Tools and Lessons to Make Listening to Clients Feasible
How Feedback Shaped a Community Organization
SOCIAL ENTREPRENEURS OF THE WEEK: EDUCATION AND FAMILY
Education in India
Limited Resource Teacher Training
Poverty Stoplight Fundacion Paraguaya
Part 1: WRITE 100 WORDS ON THIS WEEK’S READING AND/OR MEDIA EVENT
Write 100 words to tell our class your thoughts on this week’s reading and/or media events etc.
Discuss and consider how social problems can be addressed the social science method Design Thinking, social entrepreneurial thinking/approaches, and innovations provided by technologies.
Reference at least one reading, media event, or digital educational material for the week.
Part 2: Write at least 50 words per response to each fellow student for 100 words total.
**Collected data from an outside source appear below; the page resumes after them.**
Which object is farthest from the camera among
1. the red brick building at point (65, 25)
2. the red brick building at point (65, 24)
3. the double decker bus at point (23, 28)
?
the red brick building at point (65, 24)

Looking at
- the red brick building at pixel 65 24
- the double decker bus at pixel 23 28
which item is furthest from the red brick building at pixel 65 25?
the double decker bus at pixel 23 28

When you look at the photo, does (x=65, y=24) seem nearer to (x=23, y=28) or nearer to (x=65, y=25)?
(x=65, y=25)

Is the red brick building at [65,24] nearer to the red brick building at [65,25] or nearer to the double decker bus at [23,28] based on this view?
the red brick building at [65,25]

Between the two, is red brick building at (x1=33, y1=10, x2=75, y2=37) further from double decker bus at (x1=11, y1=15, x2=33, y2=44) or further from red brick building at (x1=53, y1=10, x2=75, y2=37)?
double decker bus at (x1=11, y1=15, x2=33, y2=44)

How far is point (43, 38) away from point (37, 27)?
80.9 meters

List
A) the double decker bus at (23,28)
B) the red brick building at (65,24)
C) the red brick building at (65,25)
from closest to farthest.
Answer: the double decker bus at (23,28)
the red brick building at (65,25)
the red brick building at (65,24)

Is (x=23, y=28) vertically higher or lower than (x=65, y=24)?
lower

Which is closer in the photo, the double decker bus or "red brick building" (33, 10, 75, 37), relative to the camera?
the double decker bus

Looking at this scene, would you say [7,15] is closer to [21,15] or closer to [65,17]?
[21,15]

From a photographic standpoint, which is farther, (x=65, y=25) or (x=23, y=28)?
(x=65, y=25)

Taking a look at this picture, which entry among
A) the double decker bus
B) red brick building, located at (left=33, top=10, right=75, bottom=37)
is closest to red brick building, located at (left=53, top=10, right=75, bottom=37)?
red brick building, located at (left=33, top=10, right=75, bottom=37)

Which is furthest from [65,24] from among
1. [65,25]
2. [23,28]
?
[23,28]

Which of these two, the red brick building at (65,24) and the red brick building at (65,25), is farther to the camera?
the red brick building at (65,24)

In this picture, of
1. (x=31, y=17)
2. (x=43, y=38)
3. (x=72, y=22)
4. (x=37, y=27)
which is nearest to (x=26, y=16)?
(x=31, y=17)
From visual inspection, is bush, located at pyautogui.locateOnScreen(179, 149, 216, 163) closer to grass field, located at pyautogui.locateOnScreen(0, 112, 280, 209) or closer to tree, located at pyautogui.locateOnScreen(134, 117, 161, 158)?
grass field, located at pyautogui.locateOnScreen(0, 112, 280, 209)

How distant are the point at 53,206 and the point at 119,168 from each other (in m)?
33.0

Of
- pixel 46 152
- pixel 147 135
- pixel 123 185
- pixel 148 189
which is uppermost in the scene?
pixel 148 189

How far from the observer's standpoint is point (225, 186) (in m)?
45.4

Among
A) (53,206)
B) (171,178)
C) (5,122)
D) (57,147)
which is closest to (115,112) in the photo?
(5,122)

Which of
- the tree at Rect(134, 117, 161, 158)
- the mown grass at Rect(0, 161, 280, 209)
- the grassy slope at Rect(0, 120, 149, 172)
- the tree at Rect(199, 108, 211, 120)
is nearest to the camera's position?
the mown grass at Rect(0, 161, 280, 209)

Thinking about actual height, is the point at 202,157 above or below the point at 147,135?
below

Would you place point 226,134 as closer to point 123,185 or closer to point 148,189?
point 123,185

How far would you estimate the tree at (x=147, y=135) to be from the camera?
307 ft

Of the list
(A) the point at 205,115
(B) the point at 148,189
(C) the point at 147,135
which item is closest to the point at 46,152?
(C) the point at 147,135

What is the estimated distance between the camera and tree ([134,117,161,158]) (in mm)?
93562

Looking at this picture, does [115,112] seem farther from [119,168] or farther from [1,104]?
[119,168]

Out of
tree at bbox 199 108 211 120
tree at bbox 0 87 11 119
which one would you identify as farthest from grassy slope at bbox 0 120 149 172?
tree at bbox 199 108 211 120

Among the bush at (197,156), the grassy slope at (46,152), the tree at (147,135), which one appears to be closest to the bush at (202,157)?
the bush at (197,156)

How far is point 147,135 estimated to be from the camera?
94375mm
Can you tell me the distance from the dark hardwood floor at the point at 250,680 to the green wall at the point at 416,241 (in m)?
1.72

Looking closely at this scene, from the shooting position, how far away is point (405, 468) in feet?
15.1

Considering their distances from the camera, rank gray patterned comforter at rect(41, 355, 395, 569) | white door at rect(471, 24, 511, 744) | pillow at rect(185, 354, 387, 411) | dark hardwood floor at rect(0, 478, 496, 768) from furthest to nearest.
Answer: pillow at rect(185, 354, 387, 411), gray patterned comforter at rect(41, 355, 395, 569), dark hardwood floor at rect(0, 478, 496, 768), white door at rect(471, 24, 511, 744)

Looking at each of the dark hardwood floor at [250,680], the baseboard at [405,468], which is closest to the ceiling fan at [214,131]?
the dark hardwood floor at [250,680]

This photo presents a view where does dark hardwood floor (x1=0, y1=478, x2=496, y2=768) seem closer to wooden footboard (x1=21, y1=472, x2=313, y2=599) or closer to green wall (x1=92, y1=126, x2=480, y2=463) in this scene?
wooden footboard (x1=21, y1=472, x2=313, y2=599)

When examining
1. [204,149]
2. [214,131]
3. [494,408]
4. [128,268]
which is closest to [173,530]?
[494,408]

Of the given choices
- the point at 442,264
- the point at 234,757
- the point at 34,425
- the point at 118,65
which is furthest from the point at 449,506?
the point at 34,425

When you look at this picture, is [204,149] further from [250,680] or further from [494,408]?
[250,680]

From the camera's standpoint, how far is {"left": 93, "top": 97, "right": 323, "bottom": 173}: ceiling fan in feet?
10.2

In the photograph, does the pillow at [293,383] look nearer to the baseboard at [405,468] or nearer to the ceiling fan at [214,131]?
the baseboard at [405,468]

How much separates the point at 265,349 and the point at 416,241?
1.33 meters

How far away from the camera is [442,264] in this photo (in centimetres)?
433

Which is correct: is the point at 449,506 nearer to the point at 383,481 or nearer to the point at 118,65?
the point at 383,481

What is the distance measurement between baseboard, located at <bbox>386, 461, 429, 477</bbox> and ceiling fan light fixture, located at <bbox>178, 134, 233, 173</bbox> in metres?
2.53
1. We have talked about this earlier in the quarter as well but it is important to value the feedback and opinions of the clients who are supposed to be benefitting from a good or service. Without their input on how things should work or how services should be operated, the organizations providing the goods or services would show they do not value their clients as much as they should. In Tools and Lessons to Make Listening to Clients Feasible, there is a clear and very useful framework that can help guide organizations into valuing what their clients have to say. By designing surveys, collecting the necessary information, interpreting the data in a useful way, and responding with actions that actually make a difference, clients will feel welcomed and continue to place their trust in that organization.
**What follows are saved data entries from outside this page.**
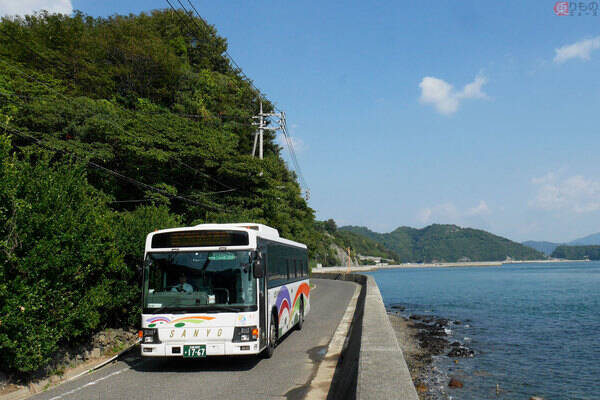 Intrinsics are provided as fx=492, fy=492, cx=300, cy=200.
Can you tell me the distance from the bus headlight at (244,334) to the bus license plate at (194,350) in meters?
0.66

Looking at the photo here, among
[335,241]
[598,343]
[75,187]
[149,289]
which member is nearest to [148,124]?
[75,187]

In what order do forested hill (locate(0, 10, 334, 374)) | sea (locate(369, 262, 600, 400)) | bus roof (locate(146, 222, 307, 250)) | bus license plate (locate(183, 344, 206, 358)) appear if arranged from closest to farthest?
forested hill (locate(0, 10, 334, 374)) → bus license plate (locate(183, 344, 206, 358)) → bus roof (locate(146, 222, 307, 250)) → sea (locate(369, 262, 600, 400))

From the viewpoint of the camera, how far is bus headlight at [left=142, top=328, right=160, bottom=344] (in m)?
10.1

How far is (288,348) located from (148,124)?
2341 centimetres

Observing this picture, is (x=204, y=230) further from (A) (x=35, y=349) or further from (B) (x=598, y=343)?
(B) (x=598, y=343)

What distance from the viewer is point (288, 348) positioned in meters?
13.2

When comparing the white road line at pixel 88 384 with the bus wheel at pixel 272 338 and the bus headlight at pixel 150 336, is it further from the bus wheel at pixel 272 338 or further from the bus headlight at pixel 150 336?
the bus wheel at pixel 272 338

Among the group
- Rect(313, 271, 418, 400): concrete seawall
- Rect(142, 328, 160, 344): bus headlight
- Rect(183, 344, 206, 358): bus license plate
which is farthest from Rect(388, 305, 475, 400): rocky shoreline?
Rect(142, 328, 160, 344): bus headlight

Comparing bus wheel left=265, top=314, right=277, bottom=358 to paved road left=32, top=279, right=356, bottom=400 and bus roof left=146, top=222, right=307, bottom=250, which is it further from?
bus roof left=146, top=222, right=307, bottom=250

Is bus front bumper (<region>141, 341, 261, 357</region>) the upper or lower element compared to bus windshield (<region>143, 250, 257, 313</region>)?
lower

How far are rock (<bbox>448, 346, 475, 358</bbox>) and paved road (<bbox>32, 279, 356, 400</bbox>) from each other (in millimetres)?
9887

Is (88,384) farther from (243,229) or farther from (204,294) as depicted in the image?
(243,229)

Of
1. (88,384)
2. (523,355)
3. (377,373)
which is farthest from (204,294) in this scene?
(523,355)

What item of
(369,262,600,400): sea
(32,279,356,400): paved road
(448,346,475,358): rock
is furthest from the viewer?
(448,346,475,358): rock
2. In this week’s readings, I learned about the different ways that social entrepreneurs can structure their organizations in order to adapt to and serve the needs of their clients, including making their organizations non-profit, for-profit, or some type of hybrid. I was very inspired by the Hot Bread Kitchen, which is a non-profit hybrid social enterprise. The founder Jessamyn Rodriguez created a program “aimed at bridging this social gap in New York City by offering paid nine-month training in baking to immigrant women… [who] brought with them ethnic baking recipes from different countries” (Kickul and Lyons 144). After the training program, the women were able to get jobs in the culinary industry. The Hot Bread Kitchen was originally run as a non-profit, but Jessamyn realized that it would not be able to support itself. So, it is now supported by other seed funds, donations, and crowdfunding activities. This was a great example of a social organization that combined a social welfare model with a revenue generation model. This revenue would further promote the very idea behind which it was founded; by paying for the women’s baking training, they would be able to gain the skills and credentials necessary to work in the culinary industry.
Part 3: Analytic Response to Readings, Media, and Social Entrepreneurship Exemplars for the Week.
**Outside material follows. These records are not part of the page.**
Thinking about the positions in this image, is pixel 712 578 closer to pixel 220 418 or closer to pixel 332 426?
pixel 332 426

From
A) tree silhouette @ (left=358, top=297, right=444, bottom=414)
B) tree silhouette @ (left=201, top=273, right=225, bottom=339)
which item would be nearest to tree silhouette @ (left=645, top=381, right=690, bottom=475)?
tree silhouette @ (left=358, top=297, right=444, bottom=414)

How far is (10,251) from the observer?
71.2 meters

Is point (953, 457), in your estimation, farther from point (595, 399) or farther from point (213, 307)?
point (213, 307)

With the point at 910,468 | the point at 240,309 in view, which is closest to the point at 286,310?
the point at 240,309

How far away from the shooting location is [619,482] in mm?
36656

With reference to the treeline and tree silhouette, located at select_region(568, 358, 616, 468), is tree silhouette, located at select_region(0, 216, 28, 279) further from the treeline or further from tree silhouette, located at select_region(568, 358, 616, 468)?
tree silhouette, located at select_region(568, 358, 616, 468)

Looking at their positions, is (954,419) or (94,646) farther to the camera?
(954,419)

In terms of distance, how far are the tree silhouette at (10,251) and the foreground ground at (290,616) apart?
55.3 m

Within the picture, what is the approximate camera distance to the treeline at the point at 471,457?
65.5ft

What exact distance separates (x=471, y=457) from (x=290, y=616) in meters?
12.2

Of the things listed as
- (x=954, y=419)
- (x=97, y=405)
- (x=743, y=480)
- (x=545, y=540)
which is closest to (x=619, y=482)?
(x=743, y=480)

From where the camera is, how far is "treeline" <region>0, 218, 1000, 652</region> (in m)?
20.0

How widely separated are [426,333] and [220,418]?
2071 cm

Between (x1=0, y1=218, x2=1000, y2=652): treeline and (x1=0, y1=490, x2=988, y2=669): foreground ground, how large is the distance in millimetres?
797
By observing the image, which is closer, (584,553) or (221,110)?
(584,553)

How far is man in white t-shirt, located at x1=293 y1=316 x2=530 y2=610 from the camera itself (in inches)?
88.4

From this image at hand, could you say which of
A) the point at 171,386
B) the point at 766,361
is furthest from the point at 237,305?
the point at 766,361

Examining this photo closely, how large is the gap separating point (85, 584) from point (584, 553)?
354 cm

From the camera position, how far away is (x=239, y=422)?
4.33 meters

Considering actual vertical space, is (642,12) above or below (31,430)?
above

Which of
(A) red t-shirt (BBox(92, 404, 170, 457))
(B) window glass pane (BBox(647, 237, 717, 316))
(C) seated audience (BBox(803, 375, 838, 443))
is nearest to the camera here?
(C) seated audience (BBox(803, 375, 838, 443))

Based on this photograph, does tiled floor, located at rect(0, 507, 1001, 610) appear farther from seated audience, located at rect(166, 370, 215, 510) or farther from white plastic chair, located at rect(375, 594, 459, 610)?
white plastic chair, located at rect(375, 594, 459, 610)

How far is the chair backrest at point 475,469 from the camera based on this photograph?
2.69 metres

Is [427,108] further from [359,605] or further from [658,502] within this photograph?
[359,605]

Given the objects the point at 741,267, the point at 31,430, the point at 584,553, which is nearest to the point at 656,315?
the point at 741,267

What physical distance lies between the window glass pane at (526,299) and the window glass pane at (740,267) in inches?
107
500 words minimum including quotes you incorporate from the text.
Required: at least three (3) verbatim quotes from the reading with page numbers (no page numbers required for websites) or paraphrases of the speakers/media events with general time stamp for videos or date for “live events.”
Prompt: Consider the many case studies (Social Entrepreneurs of the Week) that we have seen so far. What do they tell you about how social entrepreneurship organizations are structured in many different ways appropriate to the local clients? What are some examples of the many different ways organizations need to adapt to serve local needs, physical infrastructure, and human capital? What does this tell us about not assuming a one-size-fits-all model that we import from developed economies? What did you find inspiring about the Social Entrepreneurs of the Week—what did they teach you about how solutions to social problems can be generated using an inductive, culturally appropriate, client-centered approach using design thinking?